Natural Gas Conservation Tips

  • Tend to your boilers and furnaces. Have a yearly inspection by a professional to ensure top operability. Always change your air filters according to the manufacturer's schedule. Make sure nothing blocks your heat registers to ensure maximum heat penetration, and close vents and shut doors to unused rooms.

  • Purchase a programmable thermostat to control the temperature while you are away from home. Simply set your house's temperature lower while you are away from home and watch your savings multiply. If you go out of town, set your thermostat to a low temperature, yet high enough to keep pipes from freezing.

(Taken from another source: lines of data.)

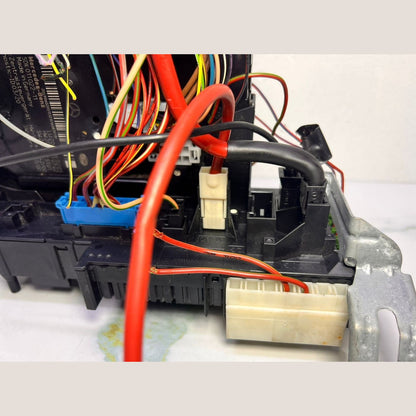 2010-2014 Mercedes-Benz C300 Rear Sam Module Relay Fuse Box 204 9060205 W204 C25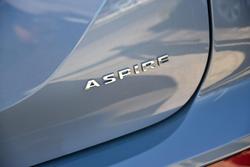 2025 Mitsubishi Outlander Aspire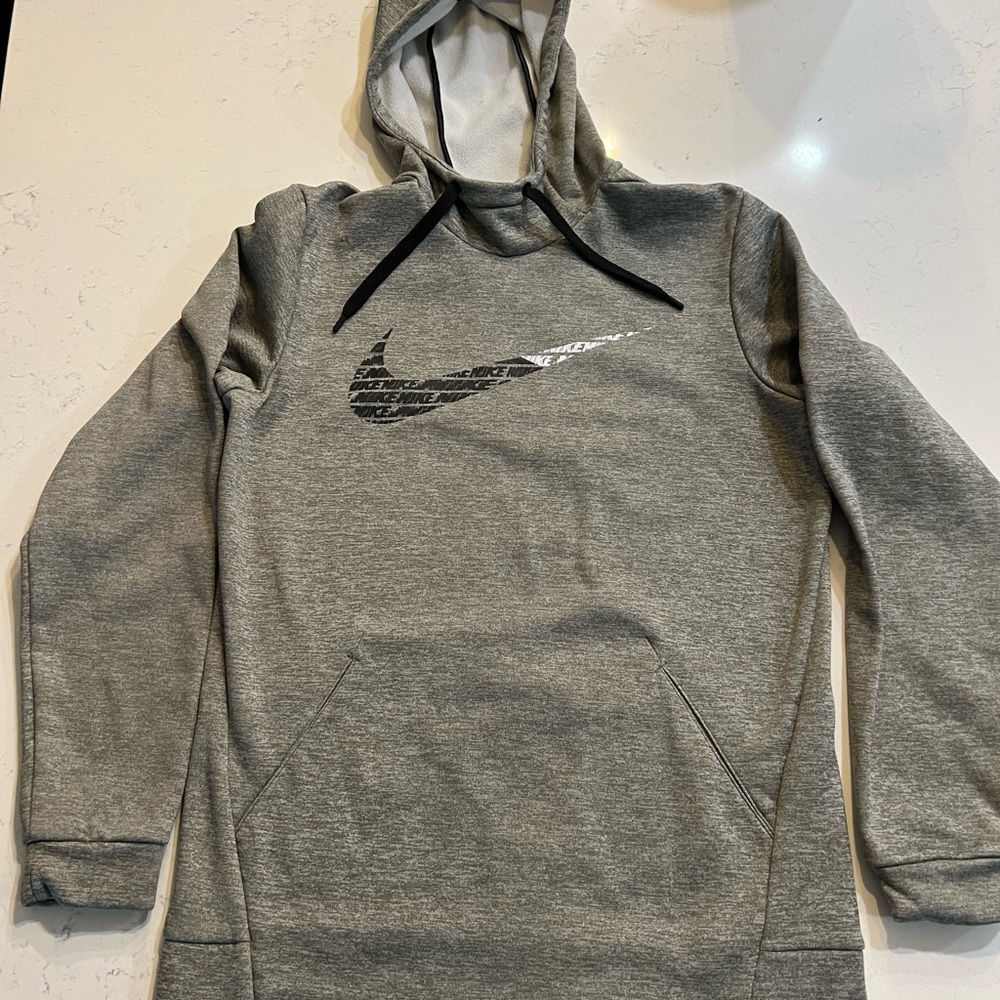 Mens Nike Dry fit sweatshirt Size Small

  • Monitor your hot water usage. Lower your water heater's temperature to 120 degrees Fahrenheit. Wrap an insulated blanket around the water heater if the outside is warm to the touch-this means it loses heat. Insulate hot water pipes to avoid losing heat (thus using less natural gas). Fix leaky faucets and install a lower-flow shower head. Always run your washing machine and dishwasher at full capacity.

  • Caulk and insulate areas that might allow heat loss such as windows, doors and attics. Close the damper and doors to your fireplace after use. Air-dry your clothes instead of using that energy-guzzling gas dryer. Purchase Energy Star products when replacing appliances.